DANVILLE, Va. – Fifth grade teacher Allison Parris has been busy this past month despite not being in her classroom.
“A lot of adjustment and a lot of trial and error, gathering information and trying to figure out what our kids have access to and what they don’t," Parris said.
She has three children of her own who she's also been working to educate.
“My husband and I sat down and we said, ‘We will have a schedule, that way everybody knows.’ It’s posted in all their bedrooms; it’s posted in the kitchen," Parris explained.
The education goes both ways though.
“I have learned and taught myself so many different little gadgets and things, like on Class Dojo, Google Classroom," Parris said. "I definitely think that we will be using things like that next year.”
Learning isn't just confined to teachers and students.

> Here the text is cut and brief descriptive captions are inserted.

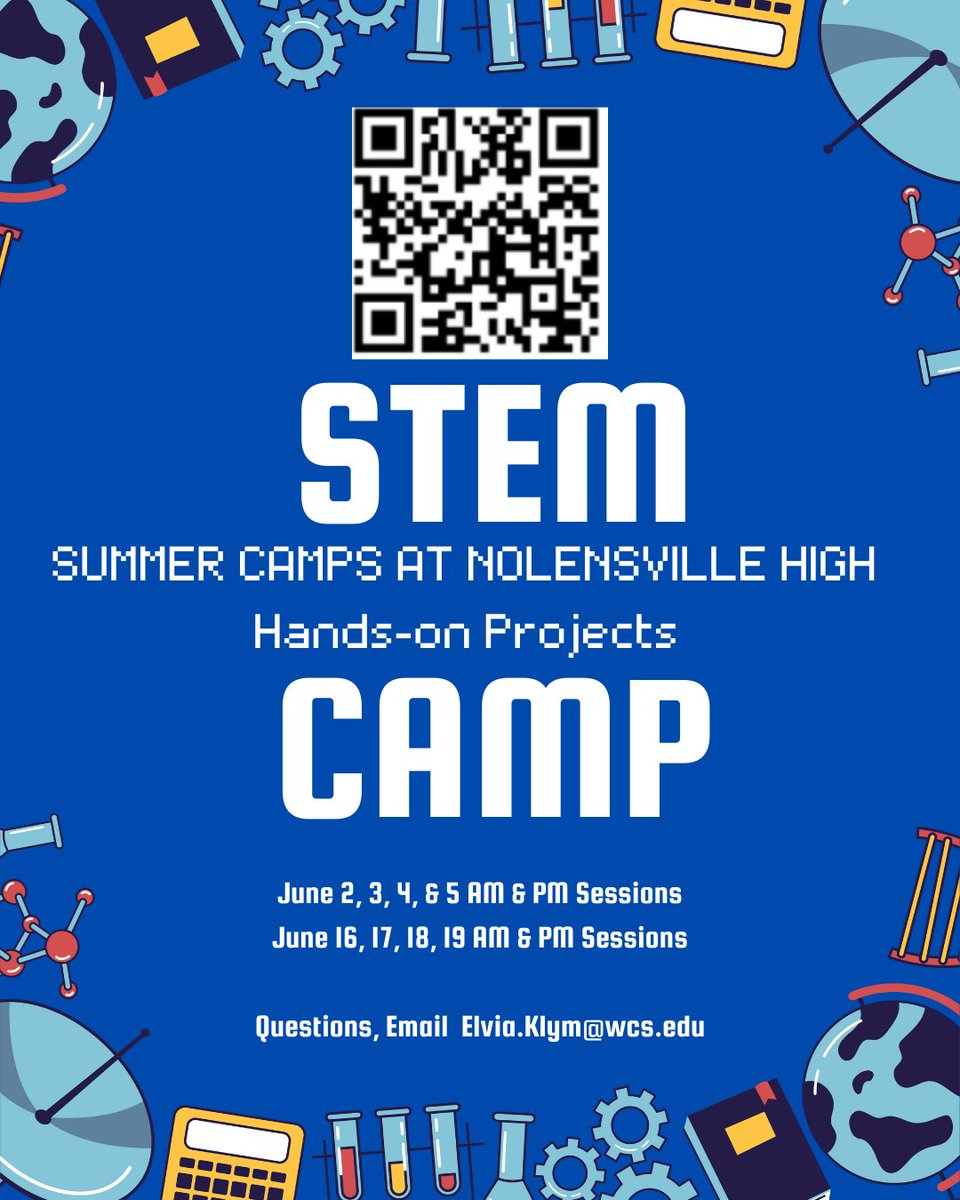 We are happy to offer a 4 day STEM Camp. Students will explore engineering and technology through various hands-on projects. Led by the NHS Engineering teacher and students. AM &amp; PM session available. 
Find out more here forms.office.com/r/6ZJ4jVN5QS 
#STEM #summercamp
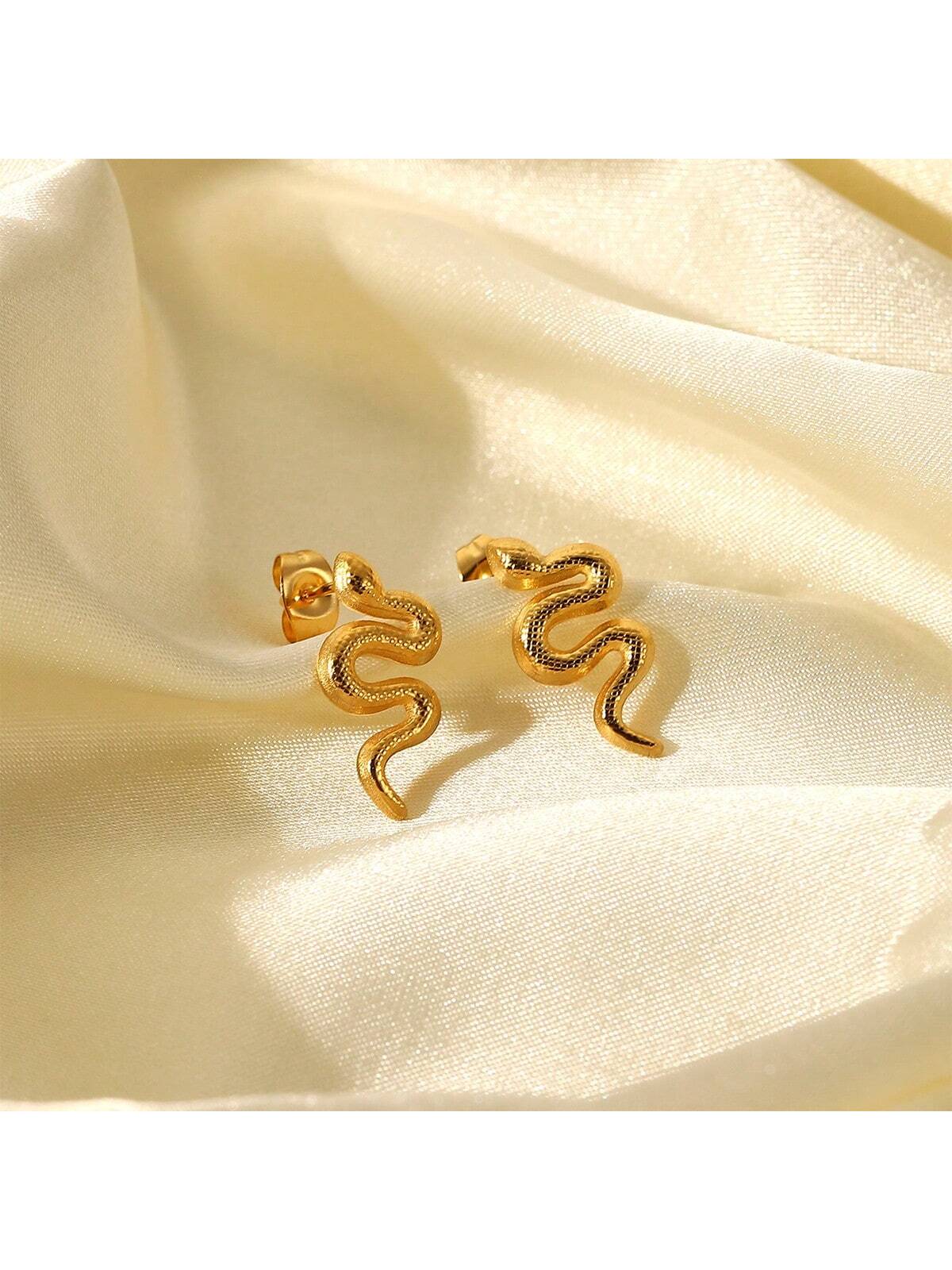 Western Style 18K Gold Plated 1pair Luxury Glamorous Funky Snake Stud Earrings For Women Stainless Steel Jewelry Fashion Valentine's Day Chinese New Year Best Friend Gifts--1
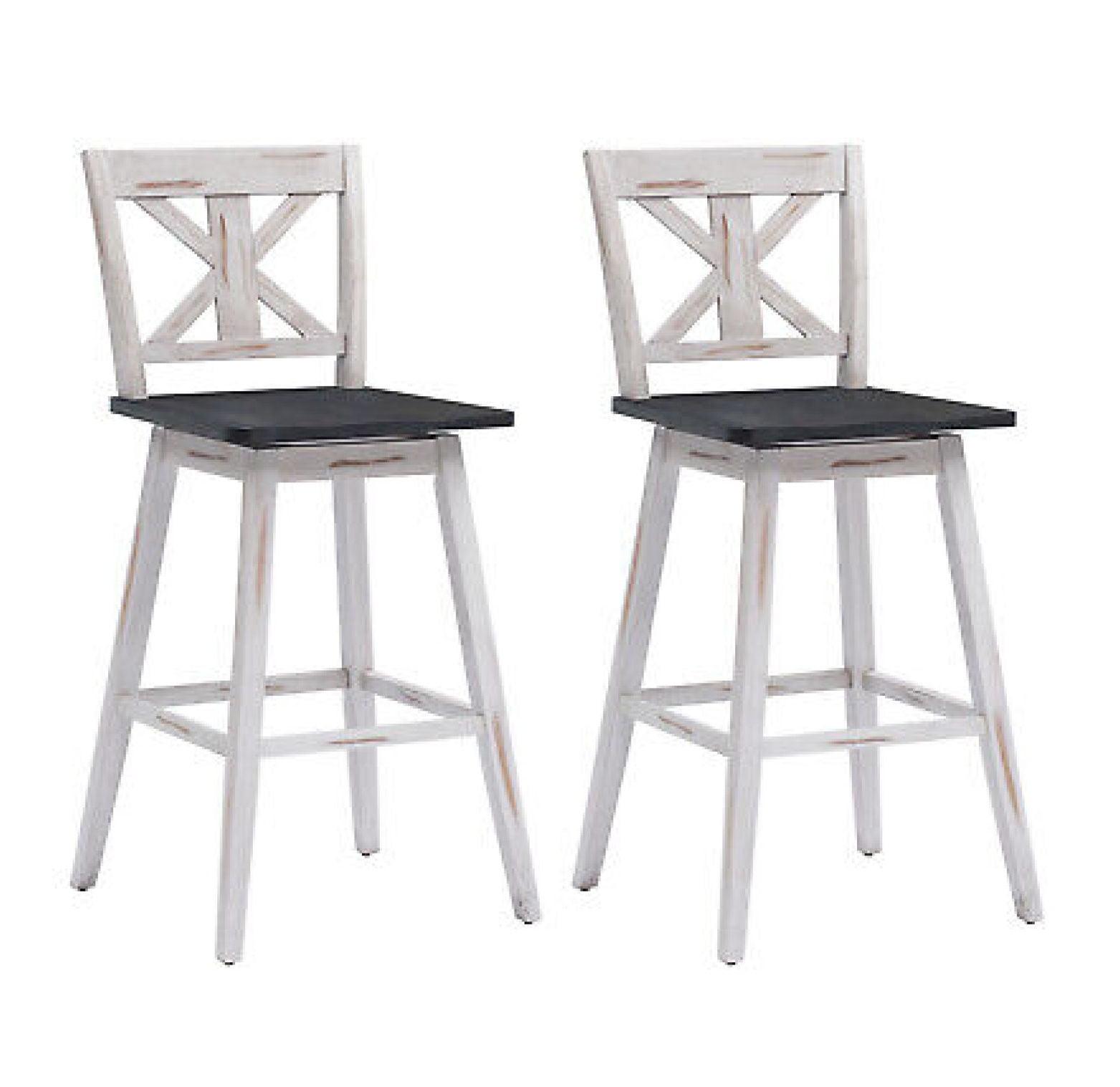 Costway Set of 2 Bar Stools Swivel Counter Height Chair w/ Solid Wood Legs White\Black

The school district’s nutrition director, Phillip Gardner, said keeping kids fed has been a learning process.
“It started with a very small process on how we decided we wanted to feed the kids with our food truck that we acquired last year," said Gardner.
There are now 13 feeding sites throughout the city.
“What we found initially, transportation was a barrier with parents having to be at work and such. So we wanted to get into centralized locations where the students could walk to the locations," said Gardner.
Proof that even when schools are closed, learning, in more ways than one, doesn't stop.